Below are some records. Write out the line that contains "Đèn soi gương" and all lines after it, exactly, but not the pictures.

(Captioned web images)
= = = =

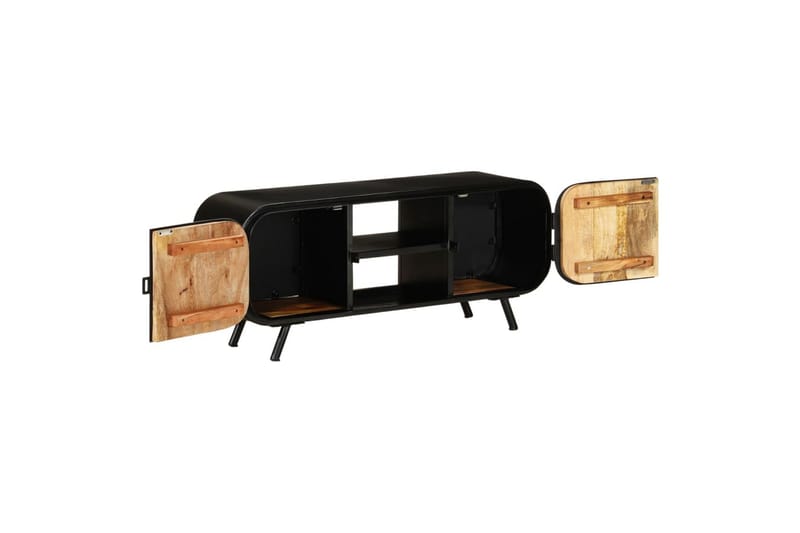 tv-skab 110x30x45 cm ru mangotræ - Sort - Møbler - TV borde & mediemøbler - TV-skab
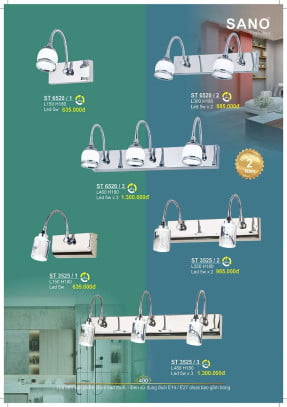 Đèn soi gương & tranh Sano Lighting ST 6520/1, ST 6520/2, ST 6520/3, ST 3525/1, ST 3525/2, ST 3525/3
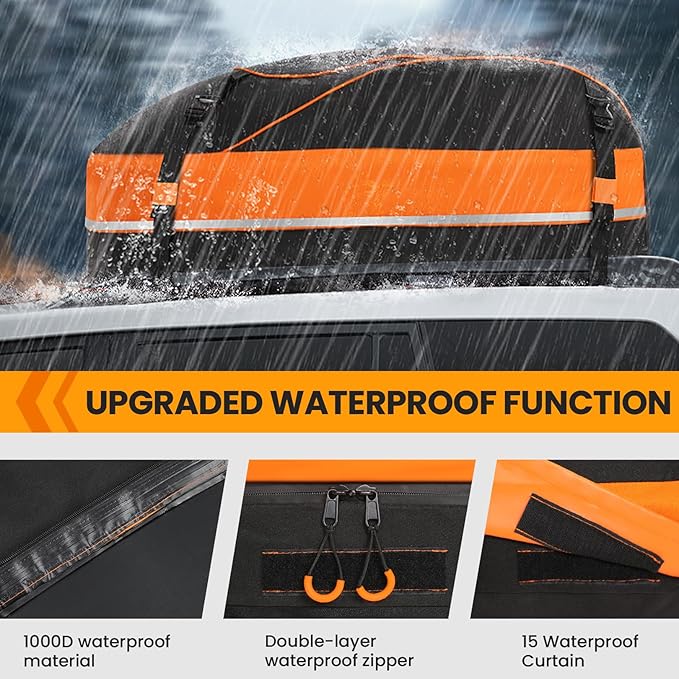 Sailnovo Rooftop Cargo Carrier, 15 Cubic Waterproof Soft-Shell Car Roof Cargo Carrier for Top of Vehicle with/Without Roof Rack, Car Top Carrier with Anti-Slip Mat, Safety Hooks & Storage Bag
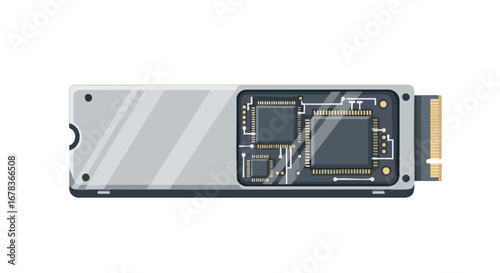 Depiction of Solid State Drive internal components highlighting data processing and memory storage mechanism technology advancements modern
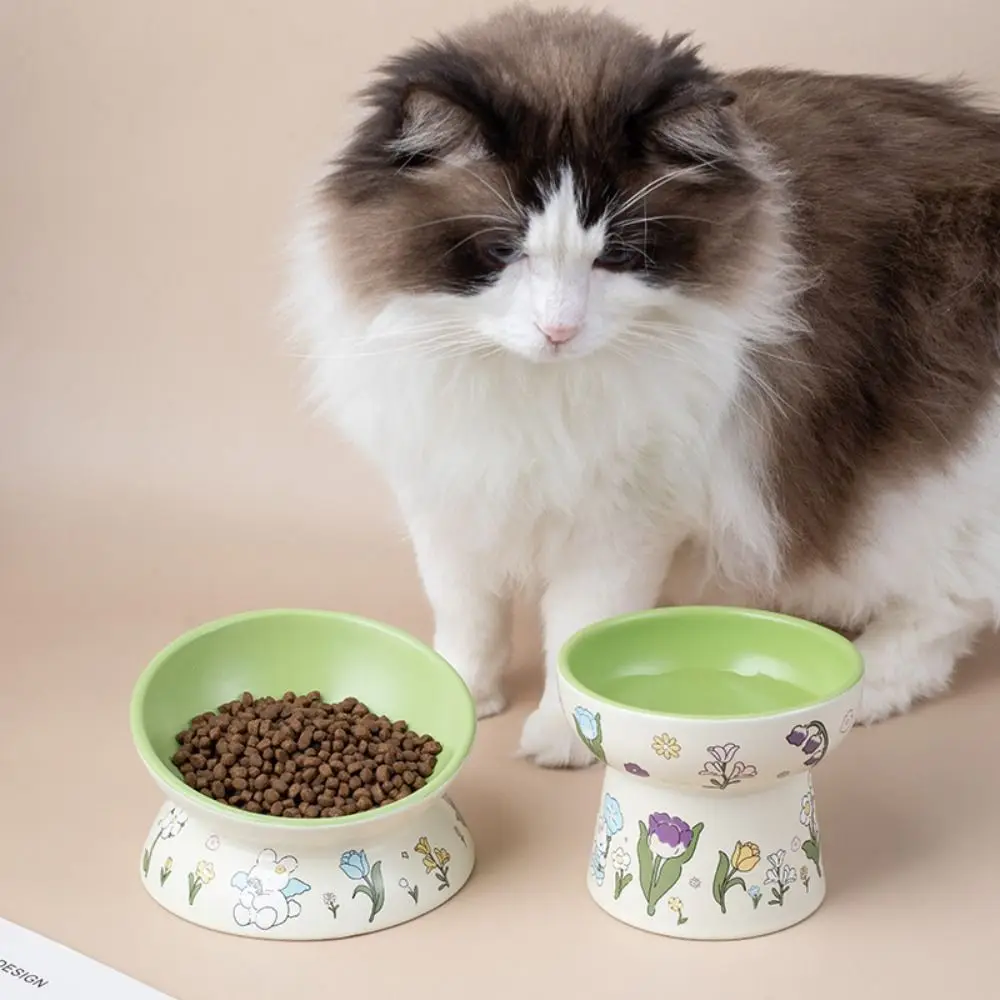 

Practical Green Rabbit Ceramic Cat Bowl Diagonal Non-Slip Pet Feeding Bowl Flower Pattern High Foot Drinking Bowl For Cat Dog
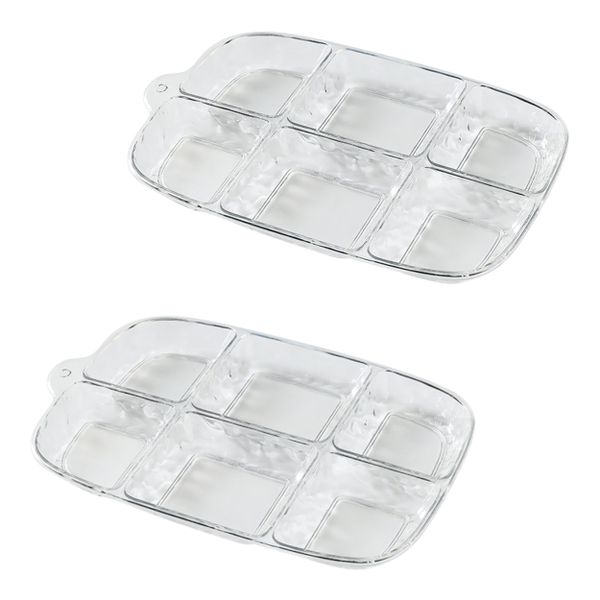 Elegant 6-Compartment Glass Serving Tray - Transparent - 2 Piece Set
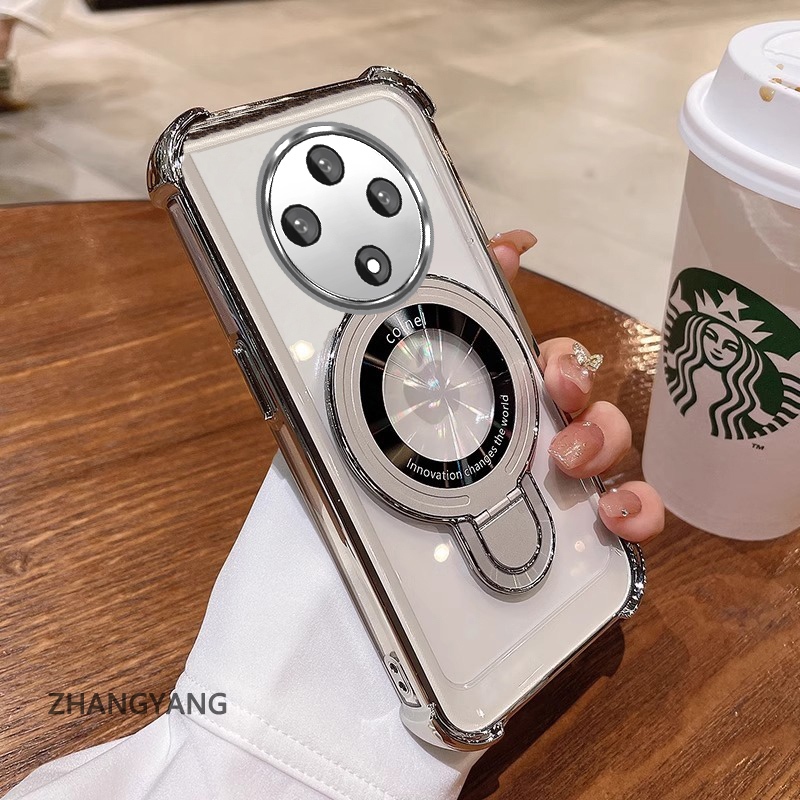 Ốp OPPO reno 12F 5G mạ điện TPU mềm, chống rơi bốn góc, kèm giá đỡ điện thoại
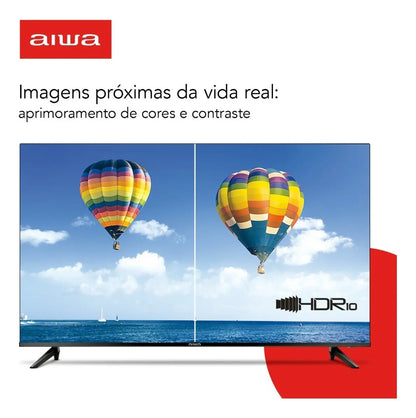 Smart TV AIWA 50” Android 4K Borda Ultrafina HDR10 Dolby Áudio AWS-TV-50-BL-02-A
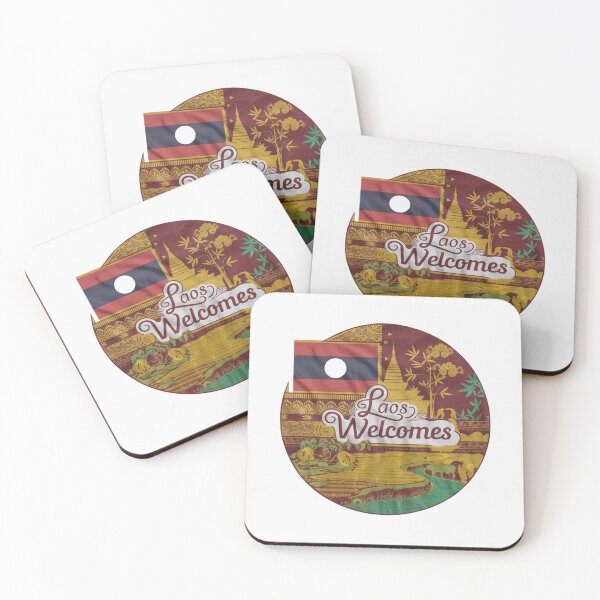 Item preview, Laos Welcomes Flag Map Luang Prabang, Vientiane, Mekong designed and sold by AnimalsDH305.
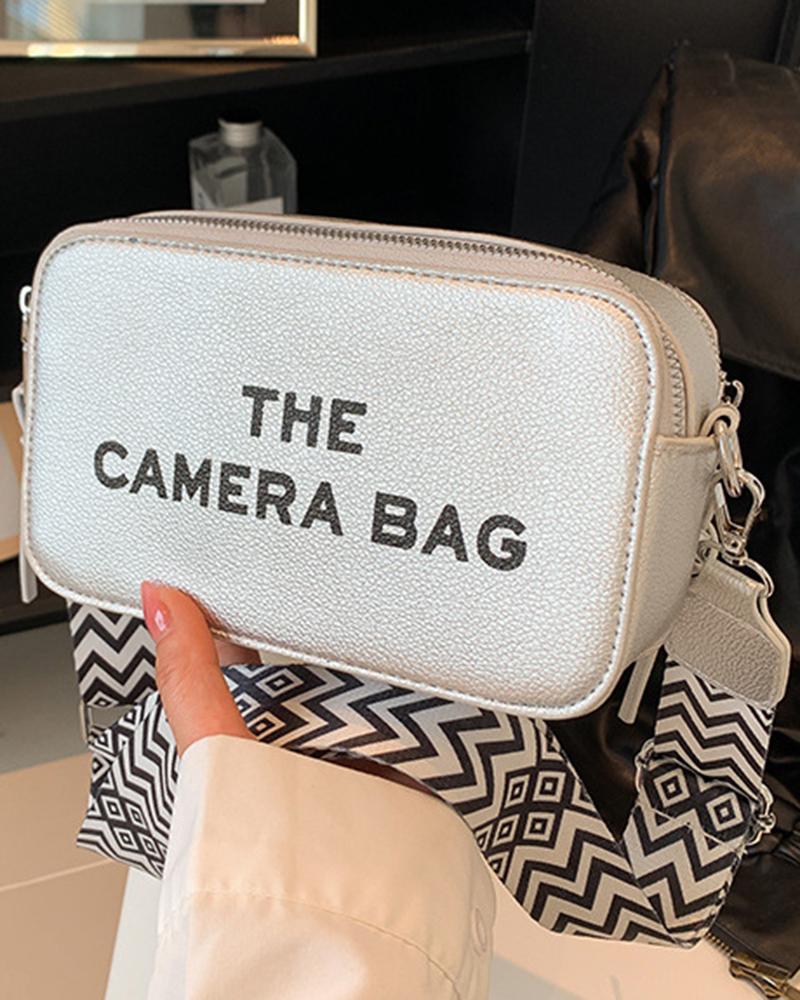 

Letter Print Zipper Crossbody Bag, Silver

= = = =

Finished exercise —
 Đèn soi gương & tranh Sano Lighting ST 6520/1, ST 6520/2, ST 6520/3, ST 3525/1, ST 3525/2, ST 3525/3
 Sailnovo Rooftop Cargo Carrier, 15 Cubic Waterproof Soft-Shell Car Roof Cargo Carrier for Top of Vehicle with/Without Roof Rack, Car Top Carrier with Anti-Slip Mat, Safety Hooks & Storage Bag
 Depiction of Solid State Drive internal components highlighting data processing and memory storage mechanism technology advancements modern

Practical Green Rabbit Ceramic Cat Bowl Diagonal Non-Slip Pet Feeding Bowl Flower Pattern High Foot Drinking Bowl For Cat Dog
 Elegant 6-Compartment Glass Serving Tray - Transparent - 2 Piece Set
 Ốp OPPO reno 12F 5G mạ điện TPU mềm, chống rơi bốn góc, kèm giá đỡ điện thoại
 Smart TV AIWA 50” Android 4K Borda Ultrafina HDR10 Dolby Áudio AWS-TV-50-BL-02-A
 Item preview, Laos Welcomes Flag Map Luang Prabang, Vientiane, Mekong designed and sold by AnimalsDH305.

Letter Print Zipper Crossbody Bag, Silver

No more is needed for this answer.